0

I know there are many questions like this but i tried all solutions trust me. And i keep getting the same error again and again. I am trying to access spark of remote clusters and running localy by using data-bricks connect and conda env and the IDE i use is Pycharm.

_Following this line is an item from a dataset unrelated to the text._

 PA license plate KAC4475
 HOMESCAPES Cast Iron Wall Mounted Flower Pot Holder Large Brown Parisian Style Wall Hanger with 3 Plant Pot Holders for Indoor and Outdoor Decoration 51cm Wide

I am running the env either in anaconda prompt or in the built in terminal of pycharm. Both return this error:

 ERROR Shell: Failed to locate the winutils binary in the hadoop binary path
java.io.IOException: Could not locate executable null\bin\winutils.exe in the Hadoop binaries.
        at org.apache.hadoop.util.Shell.getQualifiedBinPath(Shell.java:382)
        at org.apache.hadoop.util.Shell.getWinUtilsPath(Shell.java:397)
        at org.apache.hadoop.util.Shell.<clinit>(Shell.java:390)
        at org.apache.hadoop.util.StringUtils.<clinit>(StringUtils.java:80)
        at org.apache.hadoop.security.SecurityUtil.getAuthenticationMethod(SecurityUtil.java:611)
        at org.apache.hadoop.security.UserGroupInformation.initialize(UserGroupInformation.java:274)
        at org.apache.hadoop.security.UserGroupInformation.ensureInitialized(UserGroupInformation.java:262)
        at org.apache.hadoop.security.UserGroupInformation.loginUserFromSubject(UserGroupInformation.java:807)
        at org.apache.hadoop.security.UserGroupInformation.getLoginUser(UserGroupInformation.java:777)
        at org.apache.hadoop.security.UserGroupInformation.getCurrentUser(UserGroupInformation.java:650)
        at org.apache.spark.util.Utils$.$anonfun$getCurrentUserName$1(Utils.scala:2693)
        at scala.Option.getOrElse(Option.scala:189)
        at org.apache.spark.util.Utils$.getCurrentUserName(Utils.scala:2693)
        at org.apache.spark.SecurityManager.<init>(SecurityManager.scala:79)
        at org.apache.spark.deploy.SparkSubmit.secMgr$lzycompute$1(SparkSubmit.scala:368)
        at org.apache.spark.deploy.SparkSubmit.secMgr$1(SparkSubmit.scala:368)
        at org.apache.spark.deploy.SparkSubmit.$anonfun$prepareSubmitEnvironment$8(SparkSubmit.scala:376)
        at scala.Option.map(Option.scala:230)
        at org.apache.spark.deploy.SparkSubmit.prepareSubmitEnvironment(SparkSubmit.scala:376)
        at org.apache.spark.deploy.SparkSubmit.org$apache$spark$deploy$SparkSubmit$$runMain(SparkSubmit.scala:871)
        at org.apache.spark.deploy.SparkSubmit.doRunMain$1(SparkSubmit.scala:180)
        at org.apache.spark.deploy.SparkSubmit.submit(SparkSubmit.scala:203)
        at org.apache.spark.deploy.SparkSubmit.doSubmit(SparkSubmit.scala:90)
        at org.apache.spark.deploy.SparkSubmit$$anon$2.doSubmit(SparkSubmit.scala:1007)
        at org.apache.spark.deploy.SparkSubmit$.main(SparkSubmit.scala:1016)
        at org.apache.spark.deploy.SparkSubmit.main(SparkSubmit.scala)
21/12/23 22:35:56 WARN NativeCodeLoader: Unable to load native-hadoop library for your platform... using builtin-java classes where applicable
Using Spark's default log4j profile: org/apache/spark/log4j-defaults.properties
Setting default log level to "WARN".
To adjust logging level use sc.setLogLevel(newLevel). For SparkR, use setLogLevel(newLevel).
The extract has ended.